# Bulkhead Fishing



## Bankin' On It (Feb 14, 2013)

I hear a lot about hitting the bulkheads early in the morning. This is more of a question of tactics. How long do you grind it out before relocating if you aren't getting bites? Personally, I will move up and down the bulkhead after a couple of hours. How long is too long for you?


----------



## mudmasher (Oct 23, 2009)

Okay , I need help. what is a "Bulkhead", is this an East Texas structure ? Do pine trees need to be present ? Im located near Victoria , we got mesquite and oaktrees . I'm assuming this is bank fishing in a public area.


----------



## Bankin' On It (Feb 14, 2013)

A bulkhead is a wooden or concrete wall that prevents the water from eroding the bank away. You find them everywhere. Look around any marina. Now you will never miss them. Heh.


----------



## Bankin' On It (Feb 14, 2013)

So I spent 4 hours on a bulkhead yesterday. Too long? Yep. How about bulkhead conditions...if it's choppy, are the bulkheads too rough for fish to hang out at?


----------



## Bankin' On It (Feb 14, 2013)

BTW...I found the deep water at the LLP bulkhead....covered with trees! Ugh. Couldn't reel anything in off that stuff. Tried fishing under a bobber but couldn't cast it out quite far enough for the deep stuff. Would it be crazy to use a saltwater popping cork so I can cast farther? Maybe set up a 6 or 7 foot leader to get the bait away from the cork? I think the answer is use a lighter line and a slip bobber instead. But how about it...a saltwater popping cork?


----------



## NitroNX898 (Apr 7, 2009)

Usually, bulkhead fishing is better when the wind/current is pushing the shad up against it. When this happens the fish will be there too. Most all the water I fish is in the 3-4 foot


----------



## uncle dave (Jul 27, 2008)

I use a trolling motor and ease up and down the bulkheads, very seldom anchor.


----------



## shadslinger (Aug 21, 2005)

If you are stuck on the bank at say the state park, where you can roam, then locate a group of the snowy egrets, (big white birds) all gathered up in a small spot and looking/fishing intently straight down.
Walk up and drop a shad hooked once through the middle that you caught fresh in a cast net 2' to 3' under a cork, (maybe deeper in places) right at the edge of the bulkhead, 8" to 18" away from the steel. Use a 3/0 sea circle hook and a little split shot about 5" above the hook,...... no 5.378". lol! 

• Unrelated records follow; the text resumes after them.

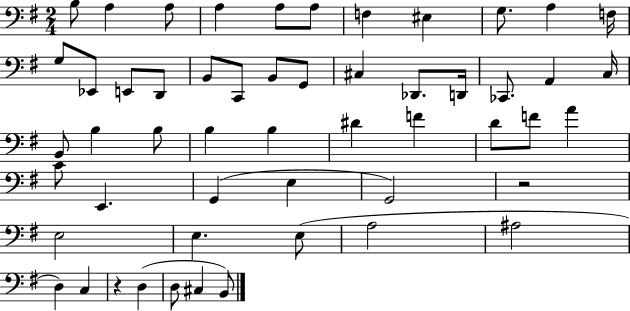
{
  \clef bass
  \numericTimeSignature
  \time 2/4
  \key g \major
  b8 a4 a8 | a4 a8 a8 | f4 eis4 | g8. a4 f16 | \break g8 ees,8 e,8 d,8 | b,8 c,8 b,8 g,8 | cis4 des,8. d,16 | ces,8. a,4 c16 | \break b,8 b4 b8 | b4 b4 | dis'4 f'4 | d'8 f'8 a'4 | \break c'8 e,4. | g,4( e4 | g,2) | r2 | \break e2 | e4. e8( | a2 | ais2 | \break d4) c4 | r4 d4( | d8 cis4 b,8) | \bar "|."
} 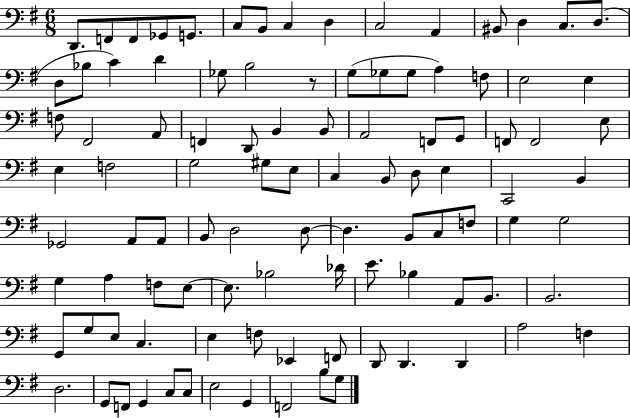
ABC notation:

X:1
T:Untitled
M:6/8
L:1/4
K:G
D,,/2 F,,/2 F,,/2 _G,,/2 G,,/2 C,/2 B,,/2 C, D, C,2 A,, ^B,,/2 D, C,/2 D,/2 D,/2 _B,/2 C D _G,/2 B,2 z/2 G,/2 _G,/2 _G,/2 A, F,/2 E,2 E, F,/2 ^F,,2 A,,/2 F,, D,,/2 B,, B,,/2 A,,2 F,,/2 G,,/2 F,,/2 F,,2 E,/2 E, F,2 G,2 ^G,/2 E,/2 C, B,,/2 D,/2 E, C,,2 B,, _G,,2 A,,/2 A,,/2 B,,/2 D,2 D,/2 D, B,,/2 C,/2 F,/2 G, G,2 G, A, F,/2 E,/2 E,/2 _B,2 _D/4 E/2 _B, A,,/2 B,,/2 B,,2 G,,/2 G,/2 E,/2 C, E, F,/2 _E,, F,,/2 D,,/2 D,, D,, A,2 F, D,2 G,,/2 F,,/2 G,, C,/2 C,/2 E,2 G,, F,,2 B,/2 G,/2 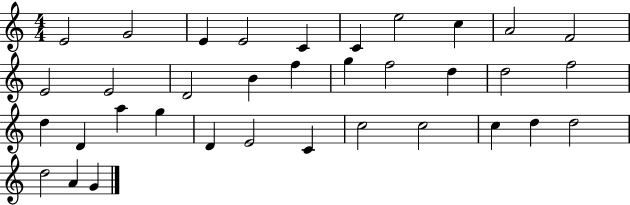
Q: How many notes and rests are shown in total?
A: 35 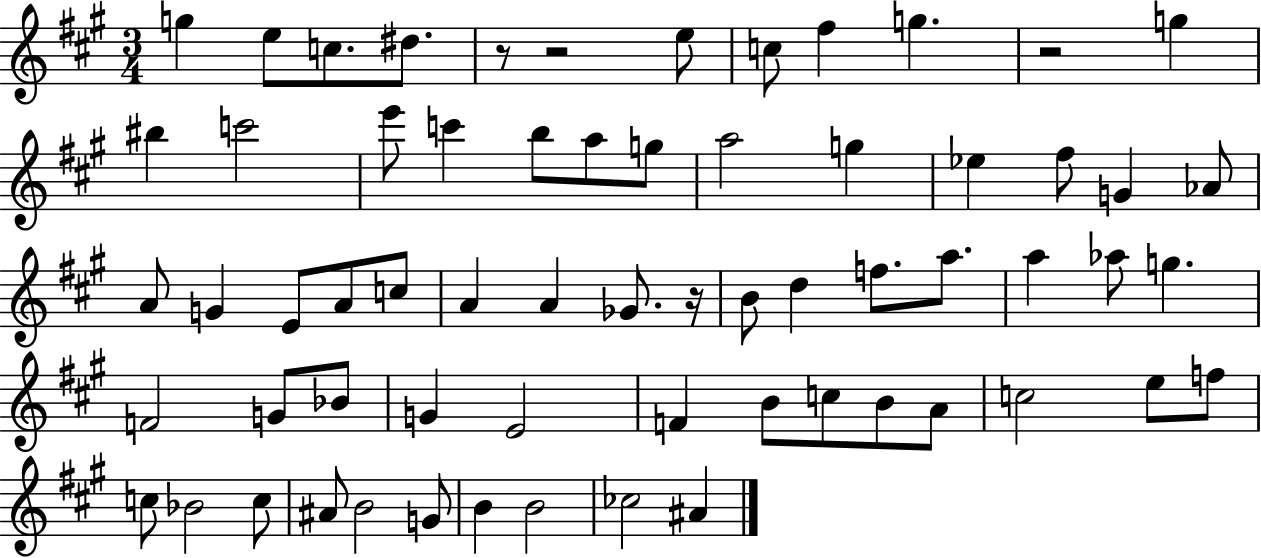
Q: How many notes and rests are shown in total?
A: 64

If you catch some there stay there, if not move to the next group of birds.
Go get em, BOI!


----------



## Bankin' On It (Feb 14, 2013)

Thank everyone. I need to get this notion out of my head that I must fish the bottom for catfish and deeper is better. I also need to pick up a cast net. 5.378" above the cork put a 3/0 sea circle hook. Got it. heh.

Man 18" off the bulkhead? When y'all say fish the bulkhead, y'all MEAN it. I don't think I dropped my line 1 time that close in the 4 hours I was there. I think the closest I dropped was about 10 yards out. Derr. HAHA. Gives me hope SS!

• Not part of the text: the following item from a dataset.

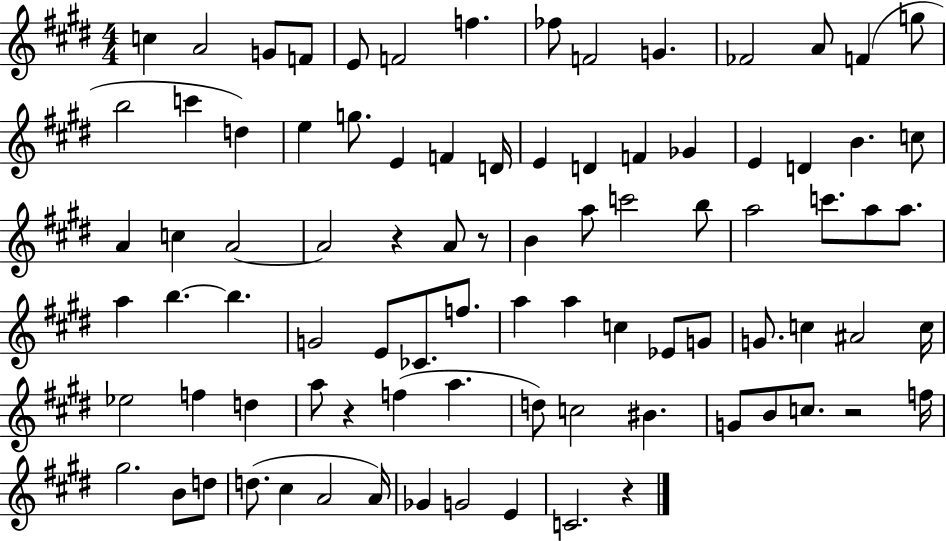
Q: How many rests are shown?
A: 5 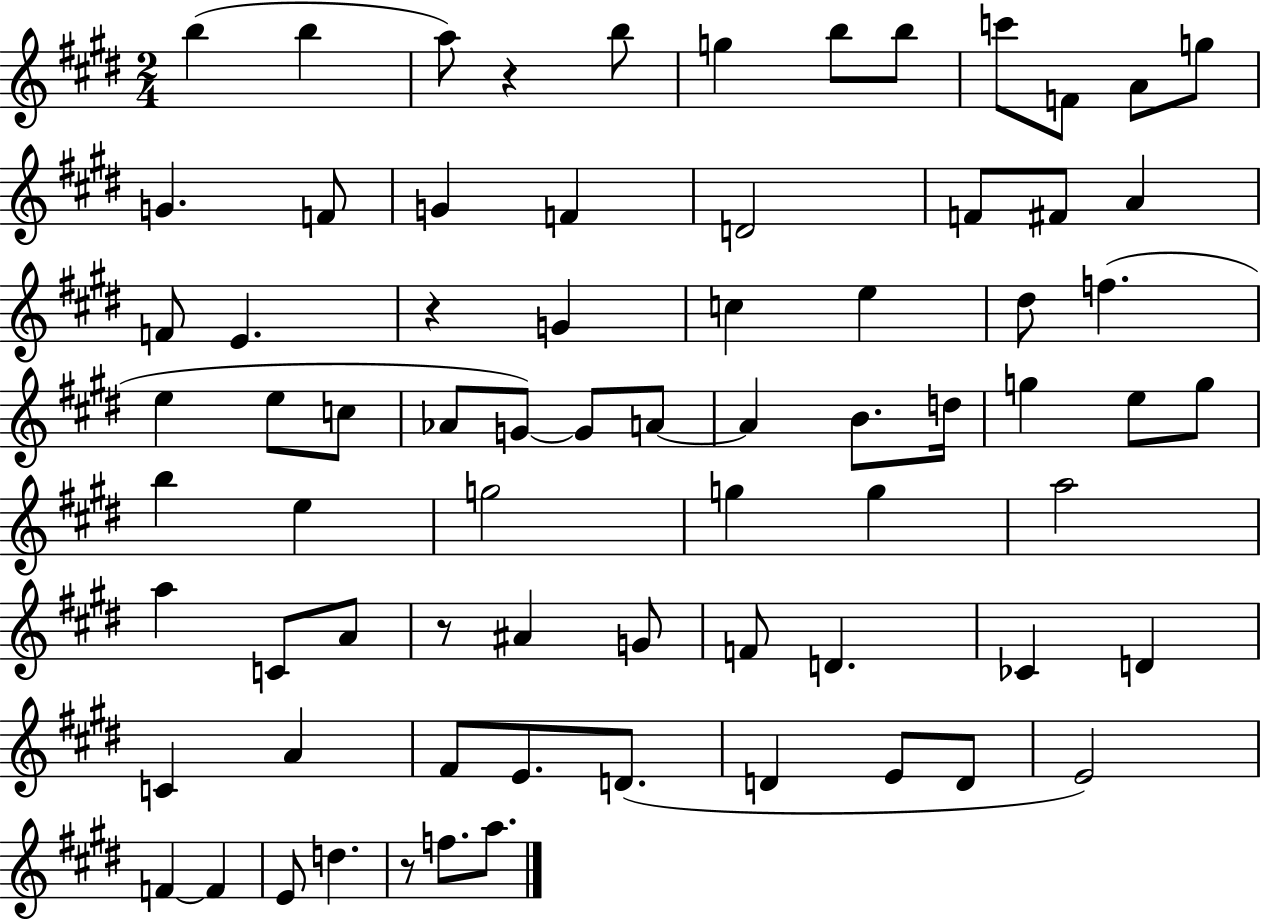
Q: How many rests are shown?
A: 4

That's the other thing. I didn't see any birds except some ducks. I tried working the ducks but got the feeling after a while they were working me. I came to this realization when they left me and sat in front of the next fisherman out there. I felt so used. Freeloadin' birds. The lot of 'em! lol


----------



## Bankin' On It (Feb 14, 2013)

NitroNX898 said:


> Usually, bulkhead fishing is better when the wind/current is pushing the shad up against it. When this happens the fish will be there too. Most all the water I fish is in the 3-4 foot


So don't really worry about the chop that is created on the surface by the wind?


----------



## Ronborsk (Jan 28, 2006)

I like a little wave action myself but if it is so bad I can't detect a bite I move. Personally, my good spots I cast within a foot of the bulkhead, more than 2 feet away I recast. Don't ignore the docks/boat houses on the lake. Sometimes when they aren't right on the bulkhead I cast under the peoples boat docks and tear them up. I guess think of it as structure, bulkheads as a highway. While most times I read that they are after shad I still catch plenty when I don't find shad but, I do chum a little. About 16 to 20 ounces of soured milo cast out at the bulkheads. 

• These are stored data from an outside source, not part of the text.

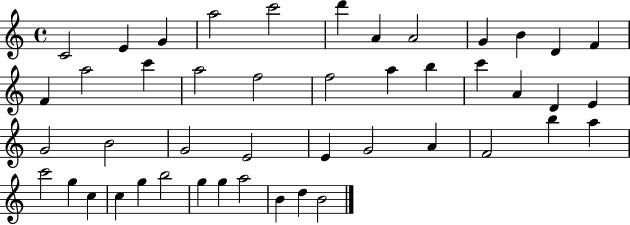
{
  \clef treble
  \time 4/4
  \defaultTimeSignature
  \key c \major
  c'2 e'4 g'4 | a''2 c'''2 | d'''4 a'4 a'2 | g'4 b'4 d'4 f'4 | \break f'4 a''2 c'''4 | a''2 f''2 | f''2 a''4 b''4 | c'''4 a'4 d'4 e'4 | \break g'2 b'2 | g'2 e'2 | e'4 g'2 a'4 | f'2 b''4 a''4 | \break c'''2 g''4 c''4 | c''4 g''4 b''2 | g''4 g''4 a''2 | b'4 d''4 b'2 | \break \bar "|."
} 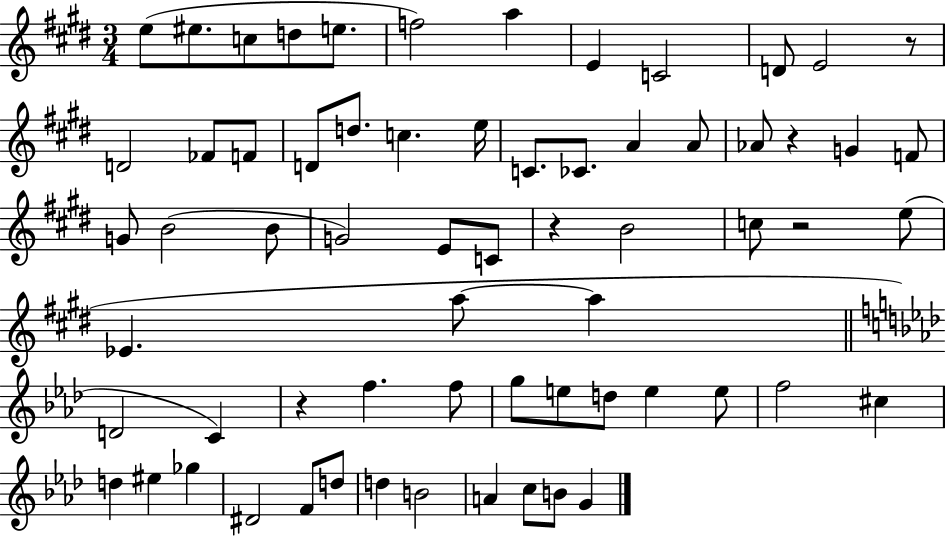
X:1
T:Untitled
M:3/4
L:1/4
K:E
e/2 ^e/2 c/2 d/2 e/2 f2 a E C2 D/2 E2 z/2 D2 _F/2 F/2 D/2 d/2 c e/4 C/2 _C/2 A A/2 _A/2 z G F/2 G/2 B2 B/2 G2 E/2 C/2 z B2 c/2 z2 e/2 _E a/2 a D2 C z f f/2 g/2 e/2 d/2 e e/2 f2 ^c d ^e _g ^D2 F/2 d/2 d B2 A c/2 B/2 G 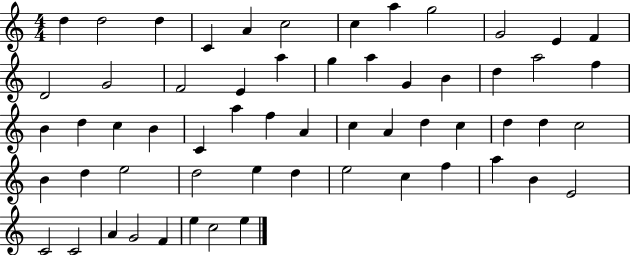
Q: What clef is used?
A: treble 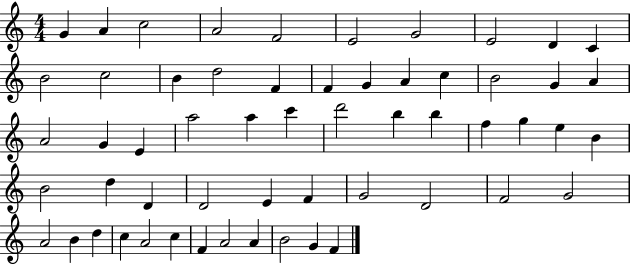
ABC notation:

X:1
T:Untitled
M:4/4
L:1/4
K:C
G A c2 A2 F2 E2 G2 E2 D C B2 c2 B d2 F F G A c B2 G A A2 G E a2 a c' d'2 b b f g e B B2 d D D2 E F G2 D2 F2 G2 A2 B d c A2 c F A2 A B2 G F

While many people fish just the morning hours I have had lots of luck fishing into the night.


----------



## dmzap (Dec 14, 2010)

Didn't fish a bulkhead today, but fished rocks along shore. Caught most of the fish up against the rocks. Farther out the slower the bite. Ended up with a cooler full. Sorry, no pics. Conroe on north end.


----------



## Whitebassfisher (May 4, 2007)

I am not a catfisherman, but I will never forget the shad on the bulkheads one time in April or May. It was not very long after daylight, and I was lowering my boat down from the lift. I had it lowered some and then stopped it to get in and attach my depth finders and GPS. As deaf as I am, I could hear something.... The shad were so thick right against the bulkhead that I could hear the water rippling caused by what was probably literally millions of shad. The huge majority of the shad were anywhere from touching the bulkhead to 6 inches from it.


----------



## Bankin' On It (Feb 14, 2013)

I was DEFINITELY casting in the wrong area. Heh.


----------



## shadslinger (Aug 21, 2005)

BOI, try the big bridge in Onlaska on the east bank there is a little public access where the bridge ends and the fishing is good when the south wind blows the shad up on the bank. I really want to see a kick a#$ report from you.


----------



## Bankin' On It (Feb 14, 2013)

shadslinger said:


> BOI, try the big bridge in Onlaska on the east bank there is a little public access where the bridge ends and the fishing is good when the south wind blows the shad up on the bank. I really want to see a kick a#$ report from you.


"I'm shakin' the bushes boss. I'm shakin' the bushes!" Heh Thanks SS!


----------



## shadslinger (Aug 21, 2005)

What we have here,....come on BOI, give us a good report and you can win that free drifting trip with us, I'm banking on you, lol!
So far Kevbow has put up the best report, but anybody with a good catch and some Pictures will be in the running!


----------